Seif décrit comment il a progressivement perdu confiance en Raslan lorsque de plus en plus de victimes ont commencé à partager leurs histoires. Cela ne l'empêche pourtant pas de soumettre à la police allemande une lettre pleine d'éloges pour Raslan, après l'arrestation de ce dernier. "Les jours où le colonel Raslan était en charge étaient réconfortants pour chaque détenu, et je me confronterai à quiconque prétend le contraire", peut-on lire dans la déclaration de cet ancien détenu. "Les jours sous son autorité étaient comme des vacances, et nous attendions qu’ils viennent avec impatience."

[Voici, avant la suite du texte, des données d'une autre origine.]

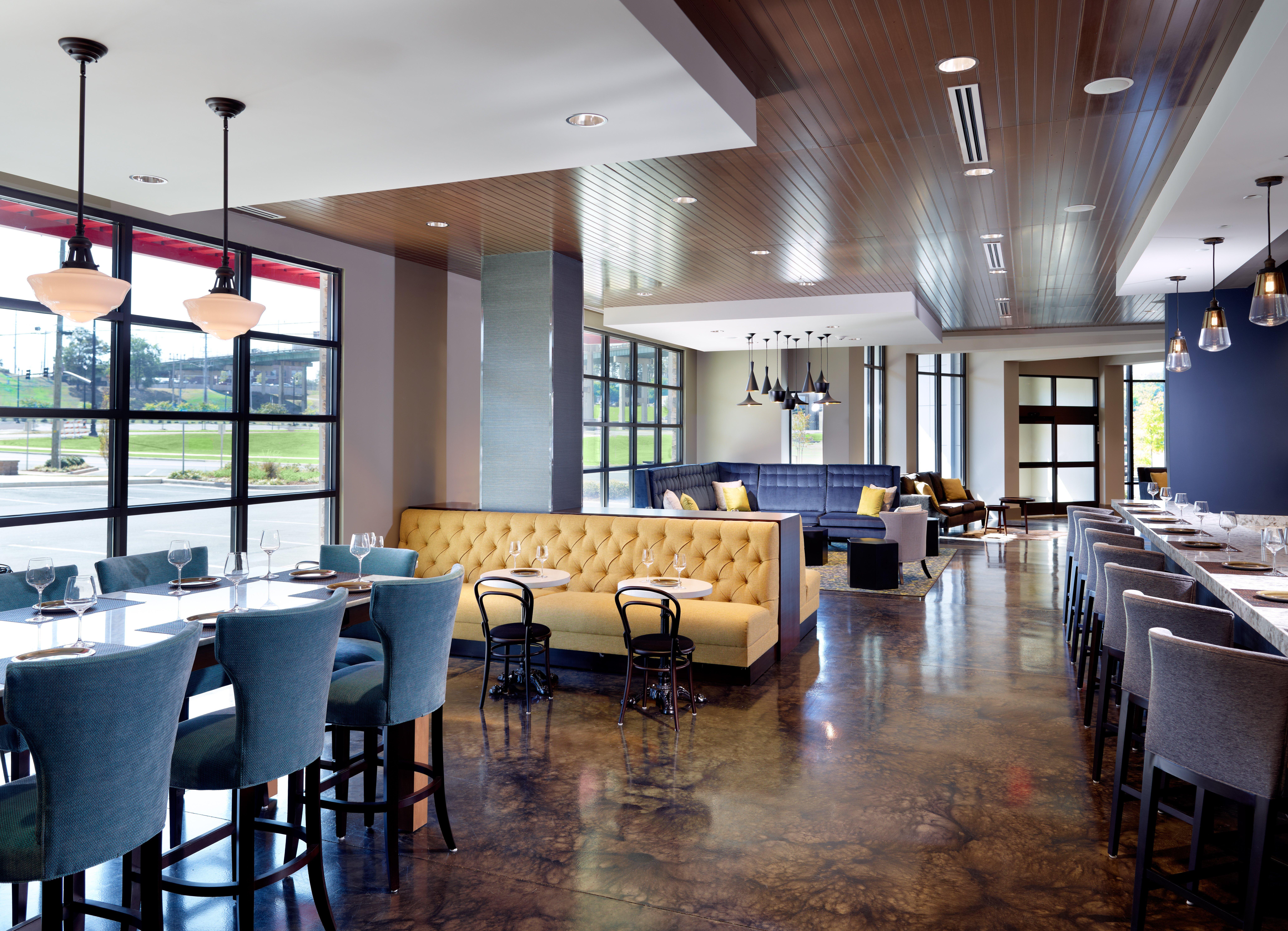 Hotel Indigo Tuscaloosa Downtown By Ihg Eksteriør billede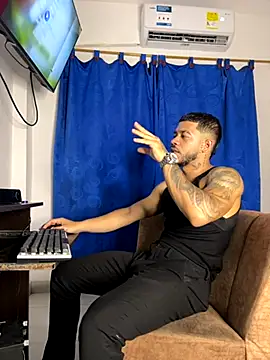 Kylian Alessandro online show from 15, 11, 2025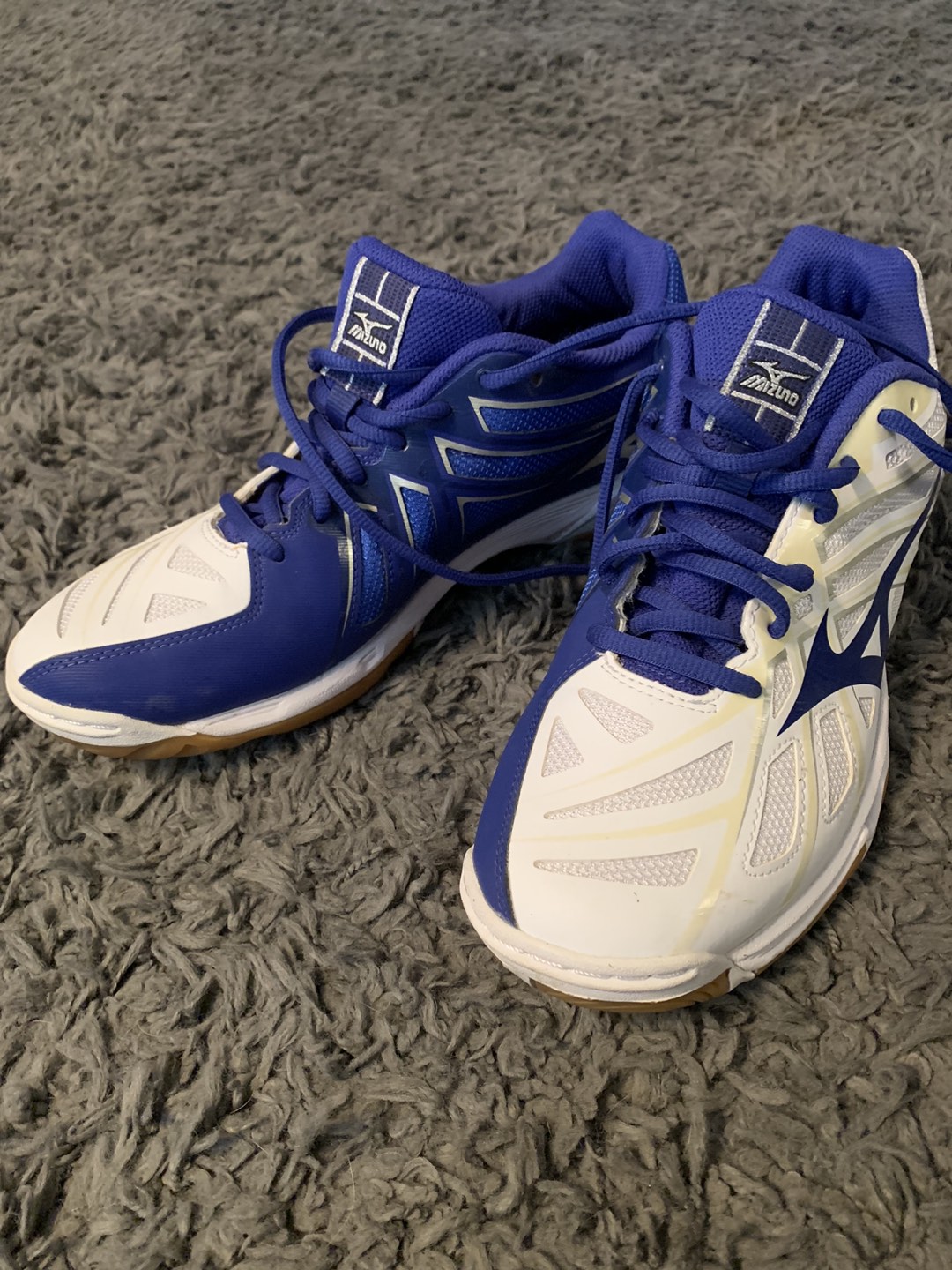 Mizuno Wave Hurricane 3 ladies shoes image indicator(5)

Le document a été publié sur Facebook, où Seif l’a récupéré avant de le présenter à la police fédérale lors de son interrogatoire, l'année dernière. "Il y a des centaines de déclarations contre Raslan sur les médias sociaux, et seulement celle-ci en sa faveur", répond-il avec agitation lorsque la défense de Raslan l'interroge sur ce document. "Je n'ai rien à voir avec Raslan. En tant que membre de l'opposition, j’ai juste senti la responsabilité d'être objectif et d'offrir une image équilibrée à la police." De toute évidence, Seif regrette d'avoir utilisé sa position pour soutenir un homme qui est maintenant accusé de crimes contre l'humanité. Pourtant, paradoxalement, ce procès n'aurait peut-être jamais eu lieu si son erreur de jugement n'avait pas conduit Anwar Raslan vers le pays qui le poursuit aujourd’hui.